Konami has announced that it plans to publish the Japanese game known as Operator's Side in the US under the name Lifeline. The game was released in Japan earlier this year and uses a USB headset as its main control interface. The game features a unique gameplay mechanic that uses voice recognition technology to let you interact with the game's main character.

The game is set in a space station in Earth's orbit in the year 2029. The game picks up shortly after the space station, which serves as a hotel, is rocked by an attack. You'll start the game in the station's main control room. Your only link to the rest of the station is a comlink with a woman named Rio who also survived the attack. Your goal in the game is to help guide Rio to safety by speaking to her through the microphone link she shares with you and watching her through the station's security cameras. Along the way you'll discover what exactly happened during the attack on the station and hopefully get around to saving yourself as well.
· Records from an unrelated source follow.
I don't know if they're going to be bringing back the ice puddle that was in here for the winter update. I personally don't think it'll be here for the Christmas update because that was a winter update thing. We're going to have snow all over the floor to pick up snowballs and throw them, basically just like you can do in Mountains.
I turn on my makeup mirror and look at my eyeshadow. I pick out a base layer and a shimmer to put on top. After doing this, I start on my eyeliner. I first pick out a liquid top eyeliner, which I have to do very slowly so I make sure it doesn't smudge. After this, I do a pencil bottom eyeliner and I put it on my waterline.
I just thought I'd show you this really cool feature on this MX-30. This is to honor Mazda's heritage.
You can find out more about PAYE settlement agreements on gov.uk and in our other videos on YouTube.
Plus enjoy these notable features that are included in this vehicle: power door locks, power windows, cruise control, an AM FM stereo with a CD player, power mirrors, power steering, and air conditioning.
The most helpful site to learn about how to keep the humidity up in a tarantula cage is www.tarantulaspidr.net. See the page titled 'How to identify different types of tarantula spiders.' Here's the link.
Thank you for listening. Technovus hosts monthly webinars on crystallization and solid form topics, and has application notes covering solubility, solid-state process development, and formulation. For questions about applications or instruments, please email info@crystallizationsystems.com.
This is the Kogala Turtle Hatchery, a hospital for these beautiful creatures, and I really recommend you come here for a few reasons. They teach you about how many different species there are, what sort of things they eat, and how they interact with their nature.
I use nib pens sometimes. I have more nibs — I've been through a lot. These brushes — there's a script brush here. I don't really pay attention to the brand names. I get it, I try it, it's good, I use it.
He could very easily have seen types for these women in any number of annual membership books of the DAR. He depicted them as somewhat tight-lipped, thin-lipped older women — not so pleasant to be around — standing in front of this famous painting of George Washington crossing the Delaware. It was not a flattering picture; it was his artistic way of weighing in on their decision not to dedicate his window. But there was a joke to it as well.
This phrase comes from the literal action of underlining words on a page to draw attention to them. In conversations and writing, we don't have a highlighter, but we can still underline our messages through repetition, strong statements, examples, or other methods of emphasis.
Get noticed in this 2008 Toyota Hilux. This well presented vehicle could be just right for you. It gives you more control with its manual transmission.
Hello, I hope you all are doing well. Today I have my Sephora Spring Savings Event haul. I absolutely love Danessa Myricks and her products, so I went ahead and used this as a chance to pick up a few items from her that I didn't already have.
The demo of the game we were shown highlighted various elements of gameplay to give us an idea of what to expect from the game. As you'd expect, voice plays a big role in your experience with the game. The voice-recognition technology being used in the game will recognize more than 5,000 words and 100,000 phrases such as "shoot" and "run!" You'll also be able to stack up to three commands, which Rio will execute in order, such as "dodge and reload," which can be essential for combat. While directing Rio in combat may sound odd, the mechanic works quite well. When Rio encounters enemies, they will each be identified by a number above their individual health displays. You'll be able to select which target to attack by singling them out by number and even be able to target specific parts of their bodies as well. Communication will also come into play as Rio explores the damaged station looking for a way out and searching for clues about what happened. After identifying certain objects you'll be able to examine them. Over the course of the game you'll come to discover skills that will come in handy as she tries to stay alive.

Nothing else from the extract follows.